PROBLEM TO SOLVE — Write out exactly the lines between the line containing "Ladies 18K Yellow" and the end of the records, counting both ends, and leave out all pictures.

• • • • • • •

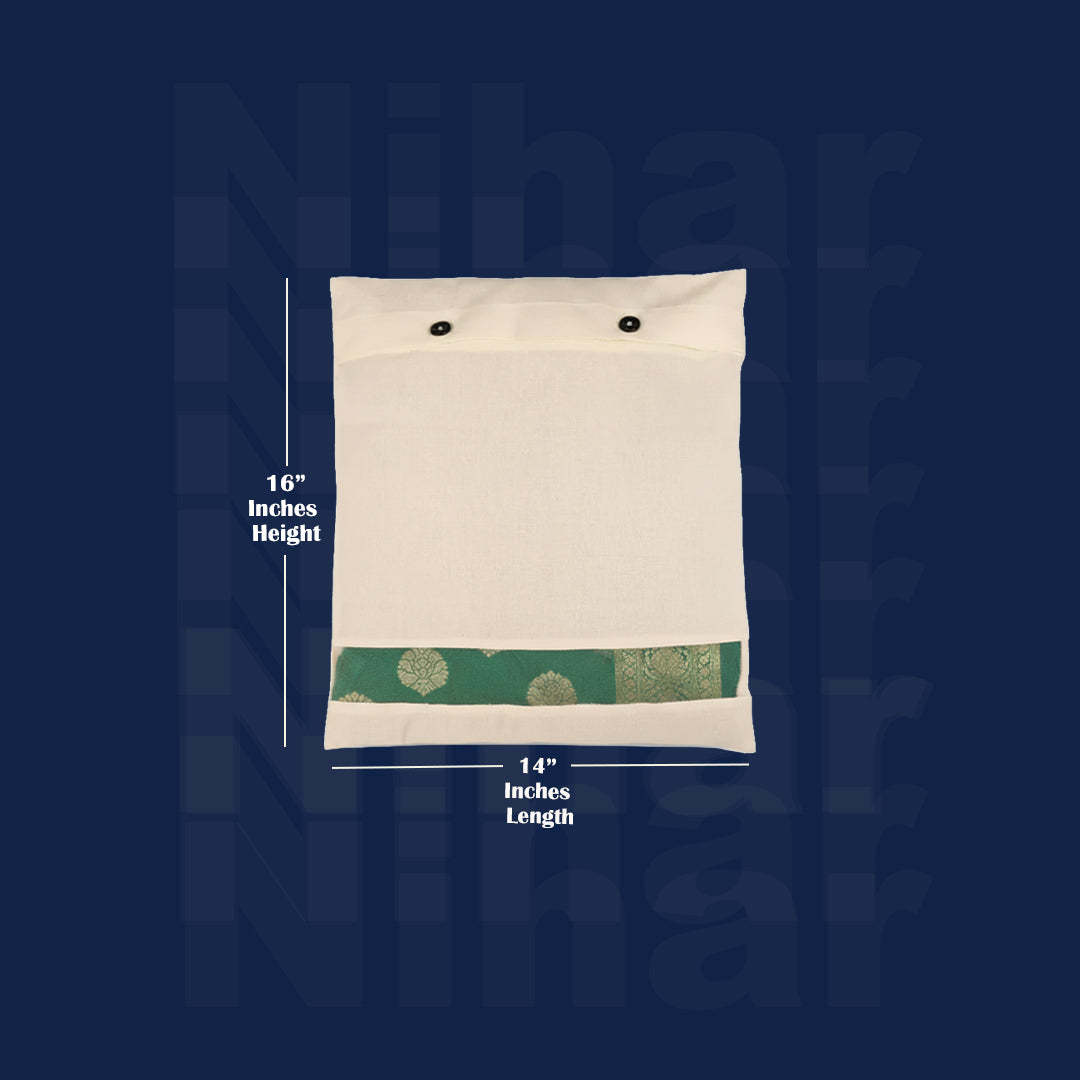 Cotton Saree Storage Cover – Set of 8 | Transparent Window | No Zip | Beige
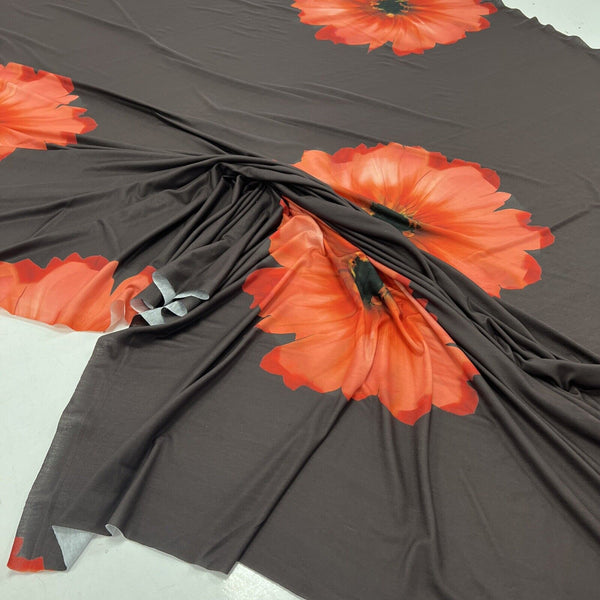 Brown Orange Flower Spun Poly Stretch Fabric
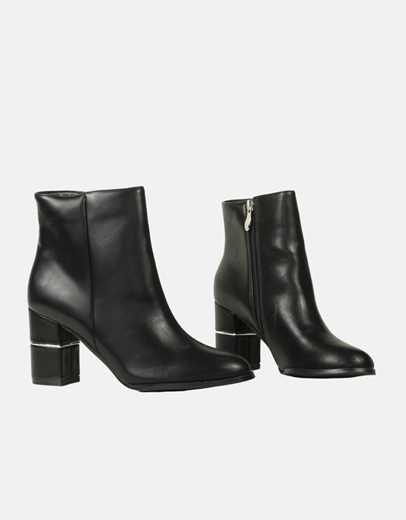 Εικόνα της Γυναικεία μποτάκια με τετράγωνο τακούνι με λεπτομέρεια Μαύρο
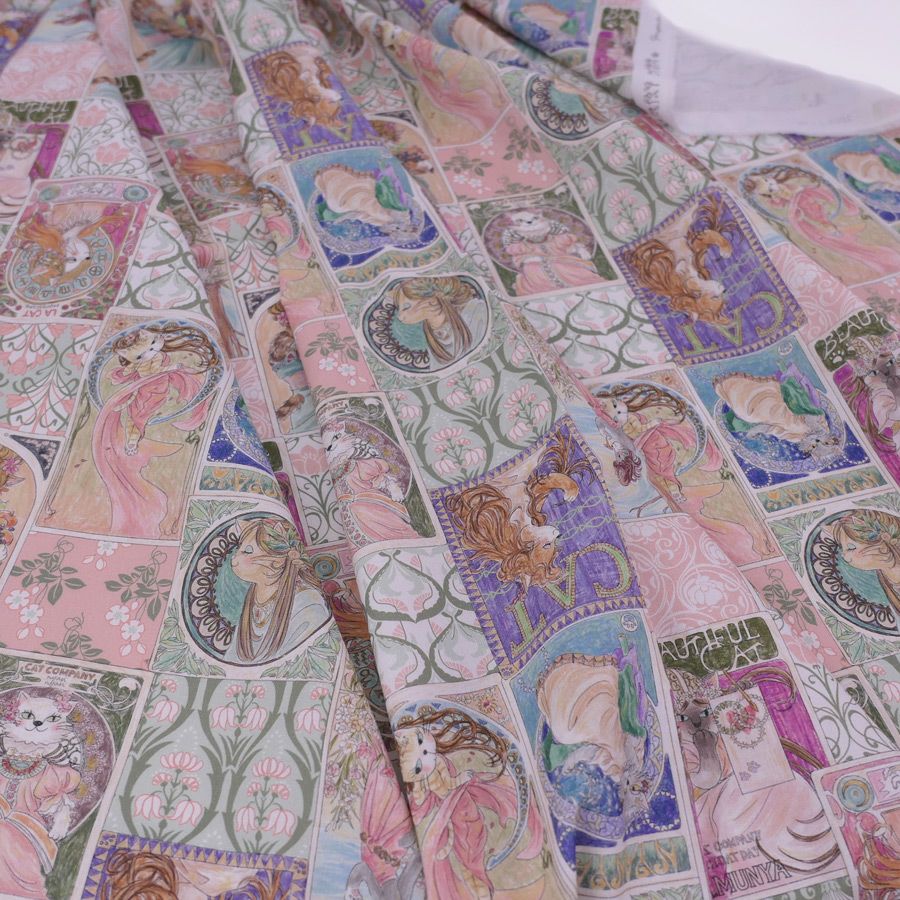 コットン生地 ミュシャ風ねこ柄(ピンク系) 10cm単位 切り売り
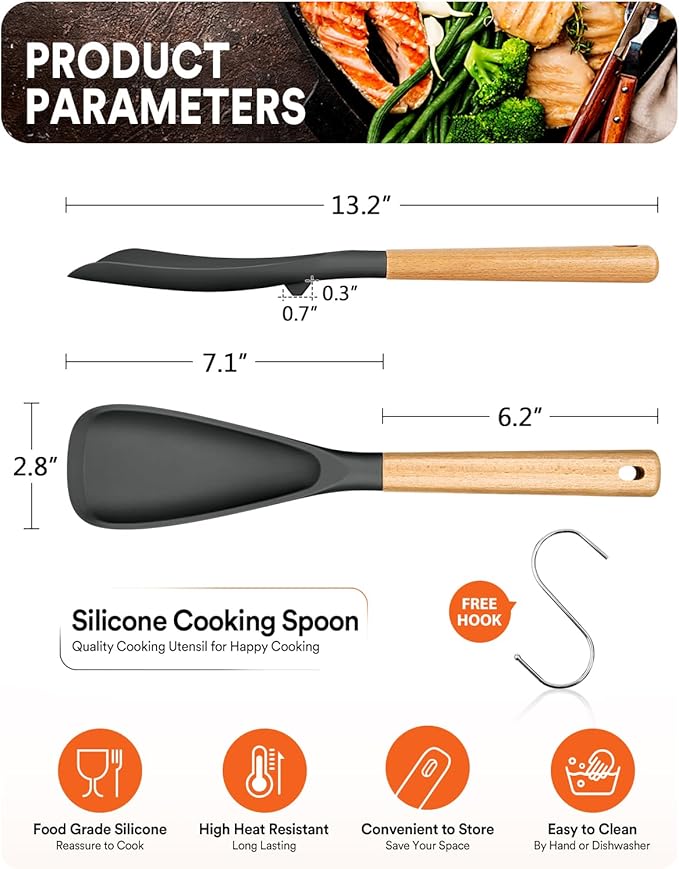 Cooking Spoon for Nonstick Cookwares, Great for Cooking and Serving Sturdy BPA-Free Matte Silicone, Wood Handle Spoon for Mixing, Scoop, and Scrape (GREY, 13.4 inch)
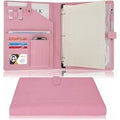 A4 PU Leather Portfolio Organizer with Removable Ring Binder and Multiple Pockets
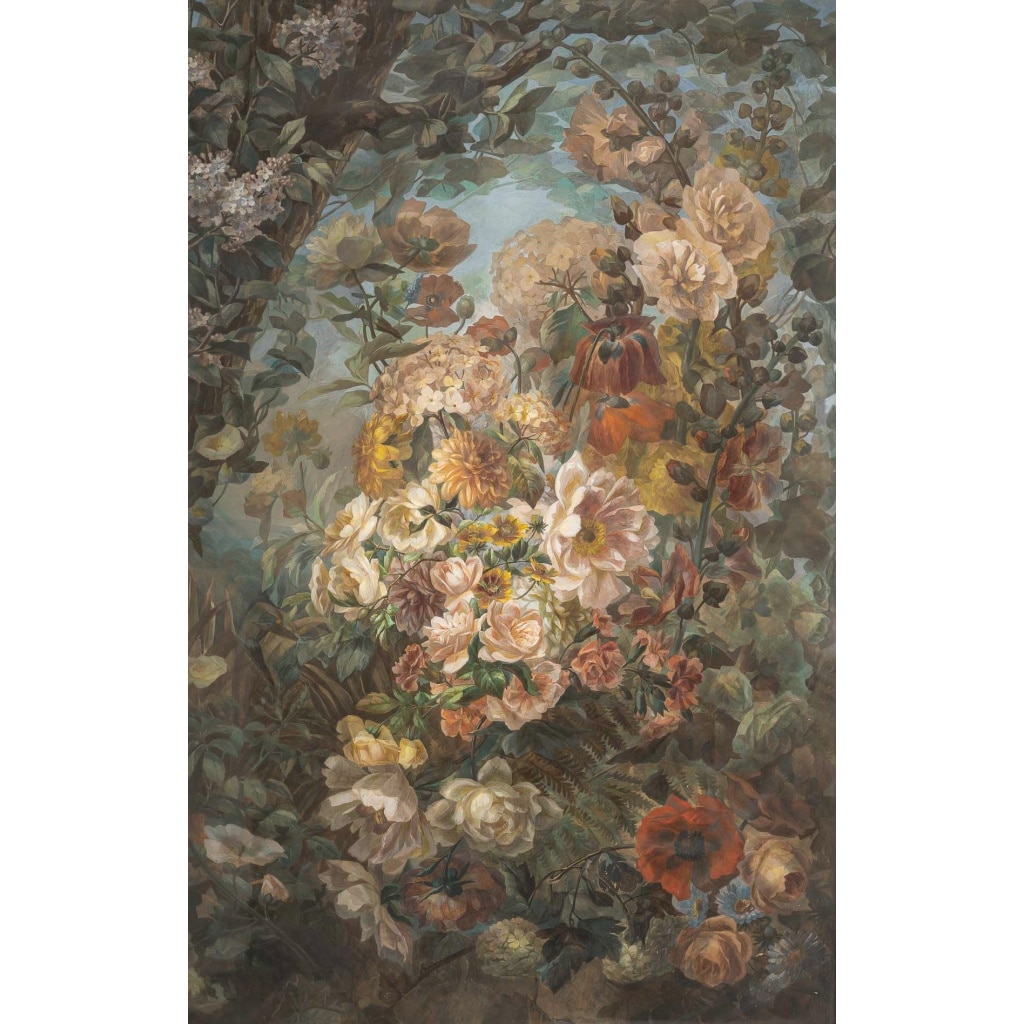Importante Nature morte aux bouquets de fleurs, gouache de la fin du XIXe siècle 3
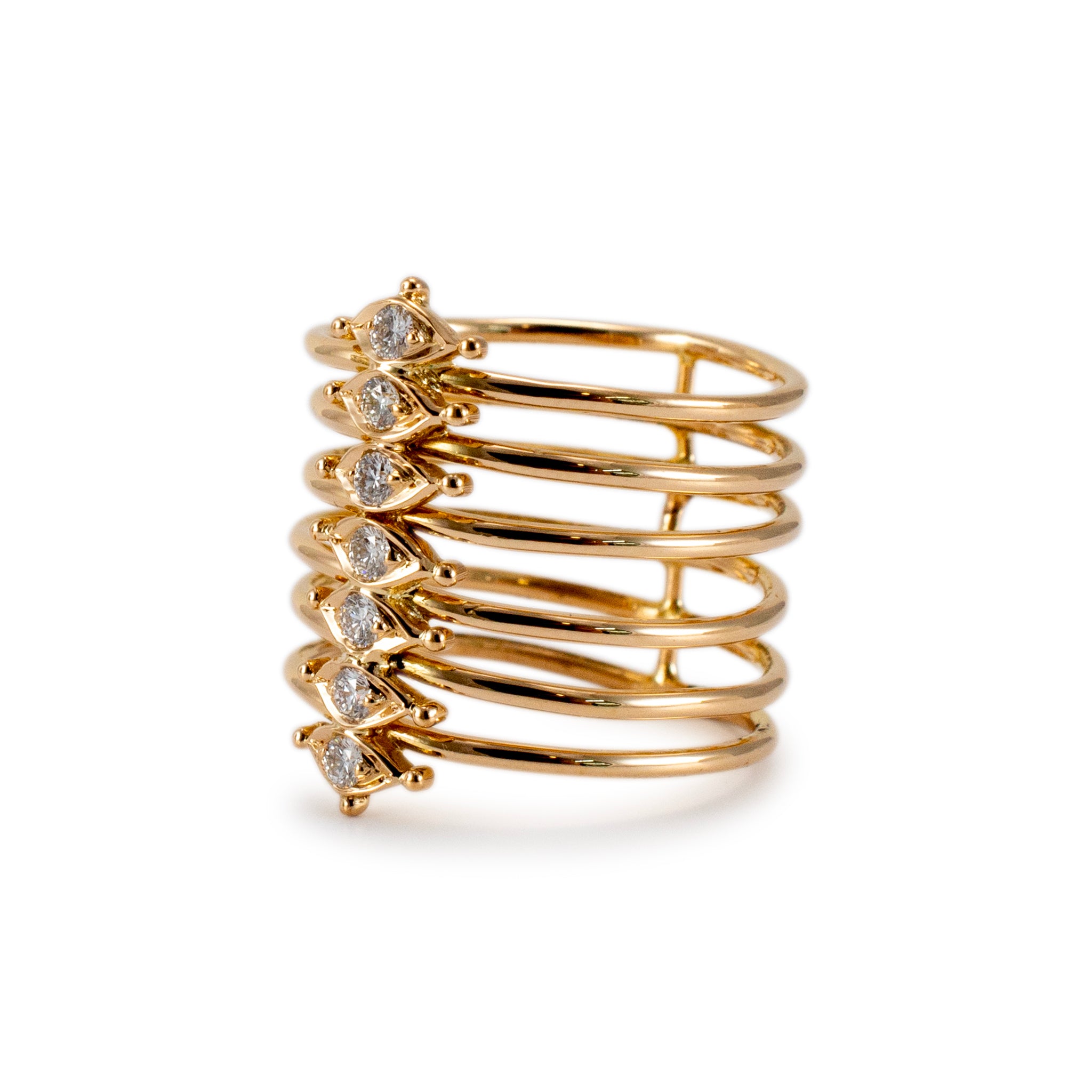 Ladies 18K Yellow Gold Stacking Diamond Band Ring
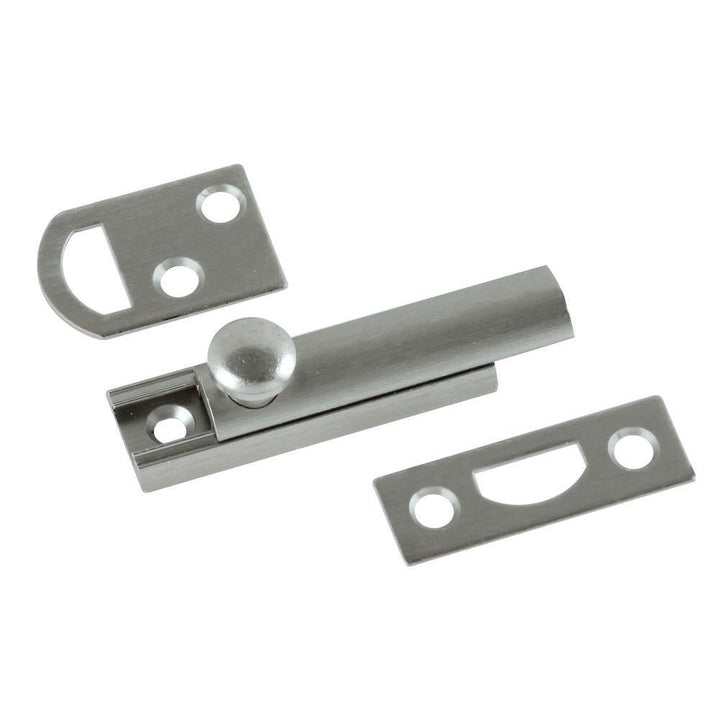 2 in. Satin Nickel Solid Brass Slide Door Bolt - Super Arbor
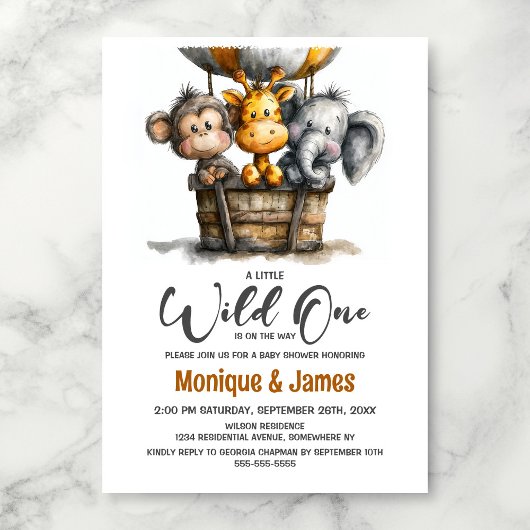 Invitation Wild One Safari Animals Baby Shower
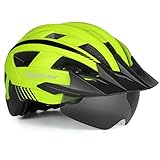 EASTINEAR Fahrradhelm LED Rücklicht wiederaufladbarem Mountainbike Helm für Erwachsene Herren Damen Ultraleicht Fahrradhelm mit Visier Größe M/L (Gelb)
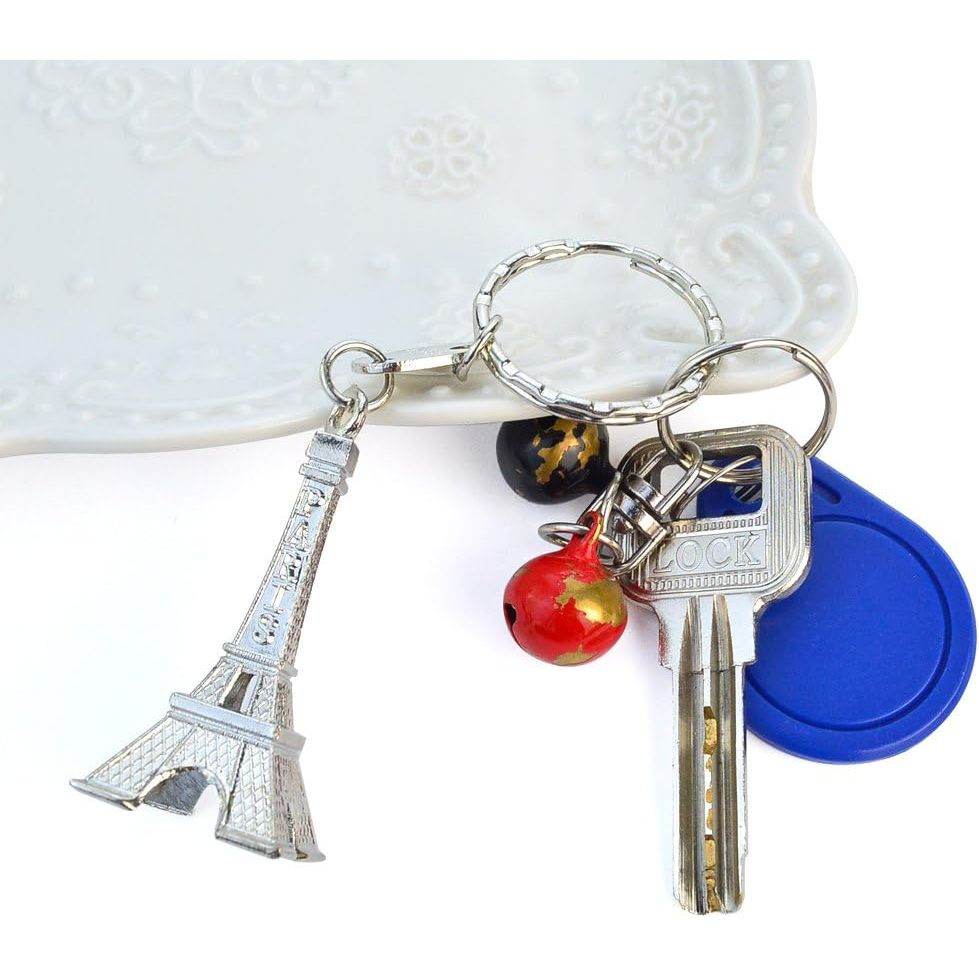 baotongle 15pcs Eiffel Tower Keyring, Paris Eiffel Tower Keychains 3-D Key Ring French Souvenirs Retro Adornment Cute Lovely Decorative Metal Craft Art Statue Model for Table Decor Gifts Silver - My Store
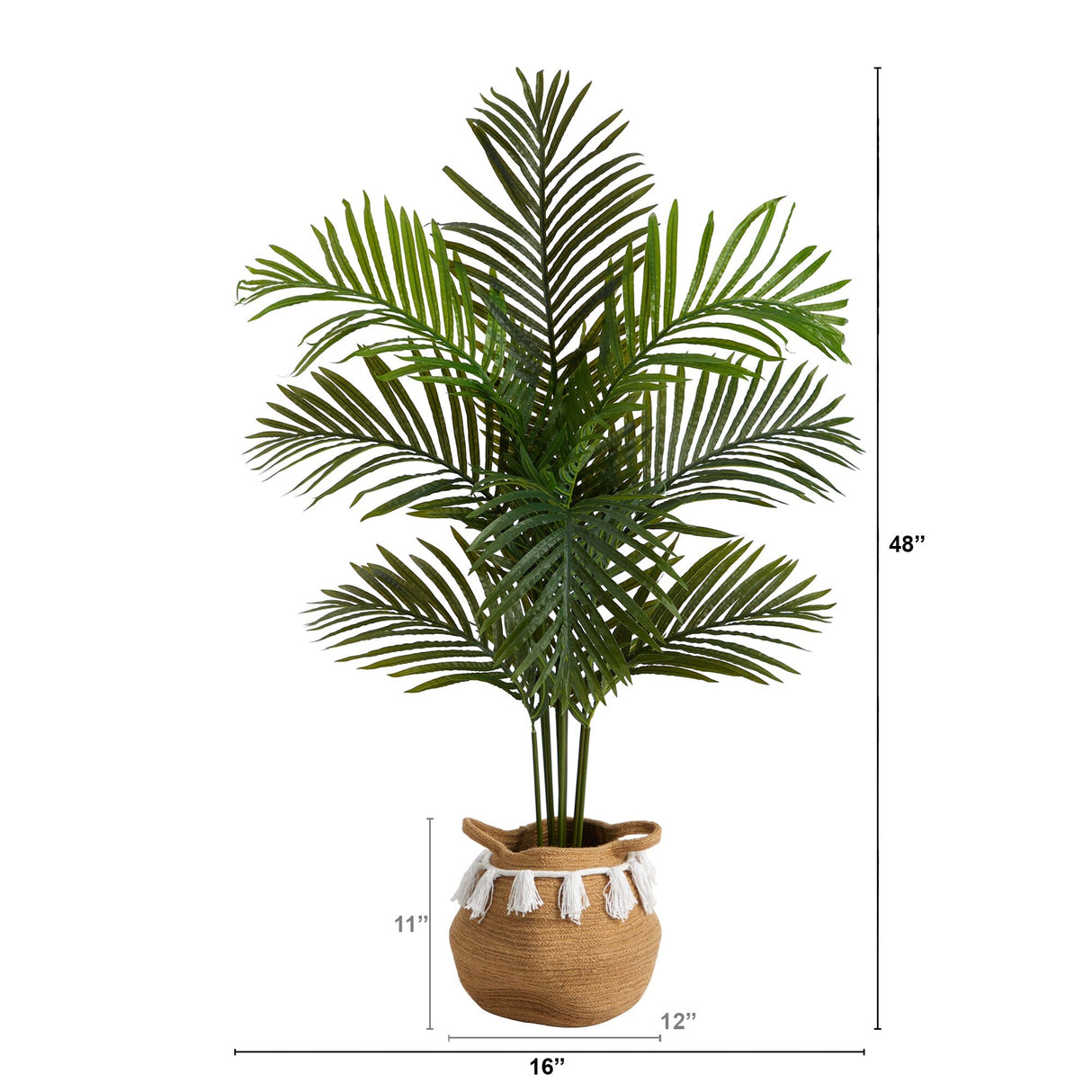 4’ Artificial Paradise Palm Tree with Handmade Jute & Cotton Basket with Tassels-Plant in Planter-Parc Decor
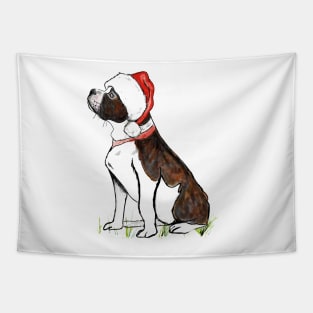 Staffordshire bull terrier wearing Santa hat Christmas Tapestry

• • • • • • •

EXERCISE SOLUTION —
 Ladies 18K Yellow Gold Stacking Diamond Band Ring
 2 in. Satin Nickel Solid Brass Slide Door Bolt - Super Arbor
 Invitation Wild One Safari Animals Baby Shower
 EASTINEAR Fahrradhelm LED Rücklicht wiederaufladbarem Mountainbike Helm für Erwachsene Herren Damen Ultraleicht Fahrradhelm mit Visier Größe M/L (Gelb)
 baotongle 15pcs Eiffel Tower Keyring, Paris Eiffel Tower Keychains 3-D Key Ring French Souvenirs Retro Adornment Cute Lovely Decorative Metal Craft Art Statue Model for Table Decor Gifts Silver - My Store
 4’ Artificial Paradise Palm Tree with Handmade Jute & Cotton Basket with Tassels-Plant in Planter-Parc Decor
 Staffordshire bull terrier wearing Santa hat Christmas Tapestry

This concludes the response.